Stay with Me (Wait for You, #3)(44)



“What?” Roxy all but shouted.

Reece and the boys looked up from their tables. I lowered my voice as I felt my cheeks burn. “Well, it’s probably good that I don’t really drink since I’m working at a bar.”

Roxy gaped at me. “You’ve never known the wonders of being shitfaced?”

“Getting tipsy is fun . . .” Katie trailed off as a good-looking man, maybe in his late twenties, saddled up to the bar.

“Whiskey.
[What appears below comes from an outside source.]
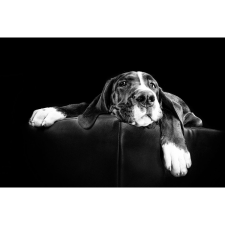 Retro-Gift Laisy Dog - Retro-Gift Nagy táblakép 39 cm x 27 cm grafika, keretezett kép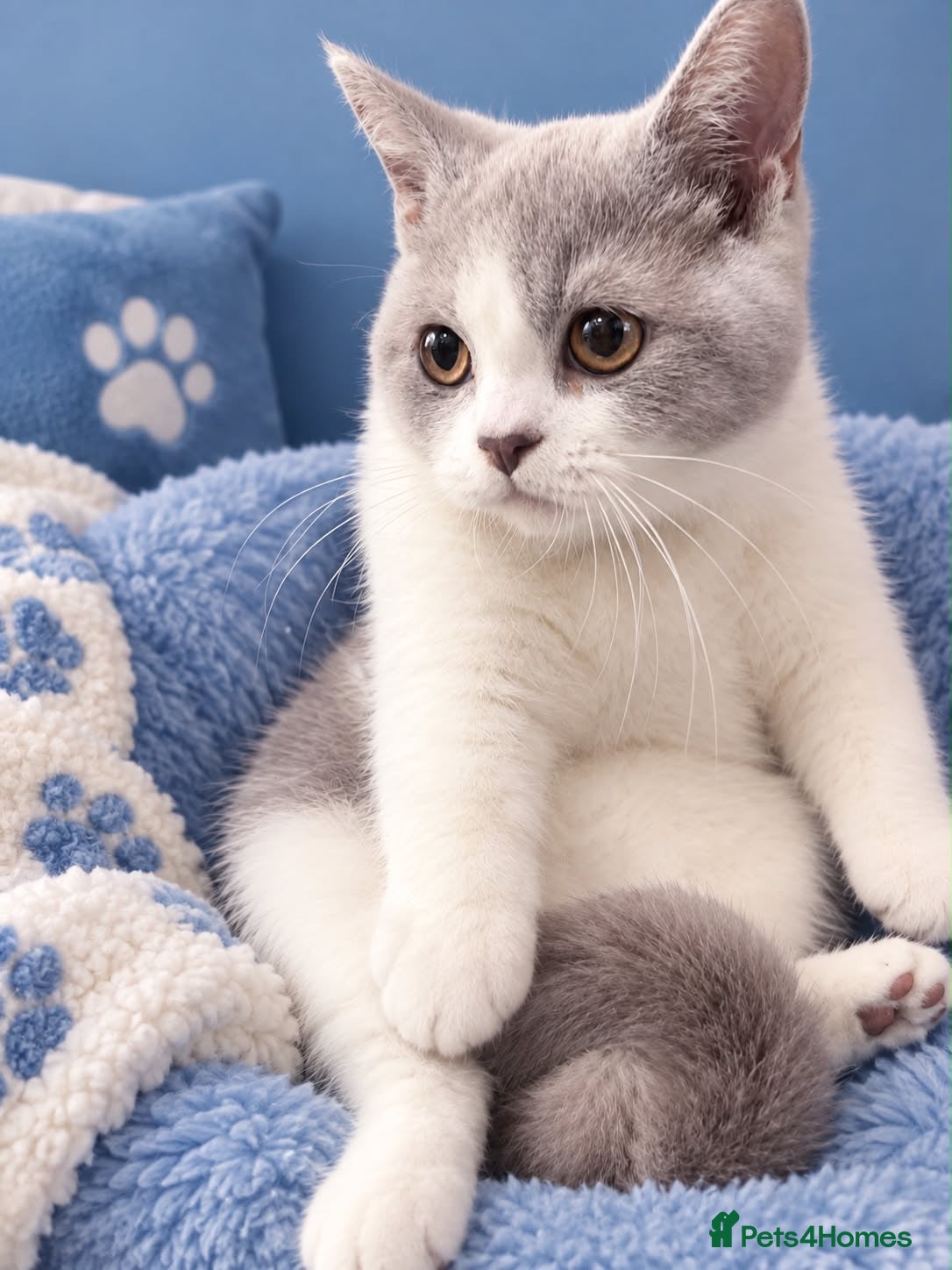 British Shorthair cats British shorthair kittens top pedigree reduced !  - Advert 9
Straight up,” he ordered, his gaze flickering over me and then to Roxy, who reached for the short glass.

Katie’s gaze started at the tips of the man’s dark-colored boots, up his jeans, white shirt, and traveled straight up to his wavy ash-blond hair. “Damn, I’d like to get tipsy with that.”

The guy gave her a long, lingering look—a purely male look I’d seen tossed around a lot during my short time at the bar, that said he was all about seeing her naked. He then grinned before turning back, heading for the table Reece was sitting at.
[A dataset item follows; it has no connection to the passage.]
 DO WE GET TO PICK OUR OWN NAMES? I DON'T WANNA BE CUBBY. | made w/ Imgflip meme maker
“Anyway, your whole life is about to change,” Katie announced randomly. She plopped her chin back in her palm. “For real.”

I blinked once and then twice, and managed to ignore Roxy’s elbow that she shoved discreetly in my side. “Come again?”

“I’m telling you. Your whole life is going to change,” Katie continued, and Roxy bumped her hip into mine. “This summer is going to be epic.”

I had no idea where this conversation was going. “Well, my life has already kind of changed.”

“Oh, no. I’m not talking about what has already happened. It’s what’s about to happen.” Katie leaned onto the bar, and I thought her boobs were going to spill right out of the top of her sequined dress and wipe down the bar for me. It would be like a nipple wipe-down. “You see, I got the gift.”

The gift of stripping? “Um. What kind of gift?”

“Oh boy,” muttered Roxy.

Katie tapped a long, French manicured finger off her temple. “The gift. Sight. Psychic. Whatever they’re calling it nowadays. I get feelings about things and I just know things.”

Um . . .

I had no idea how to respond to that, and I wasn’t sure if she was serious, but Katie had always been odd, so I was going to go with yes, and Roxy was absolutely no help. From behind her glasses, she was squinting at the ceiling, her lips twitching as she pressed them into a firm line.

“So, um . . . did you have this gift in high school?” I asked.

Katie laughed. “No. I had an accident. Woke up the next day with the gift.”

“What . . . what kind of accident?” I asked, wondering if I should know or not.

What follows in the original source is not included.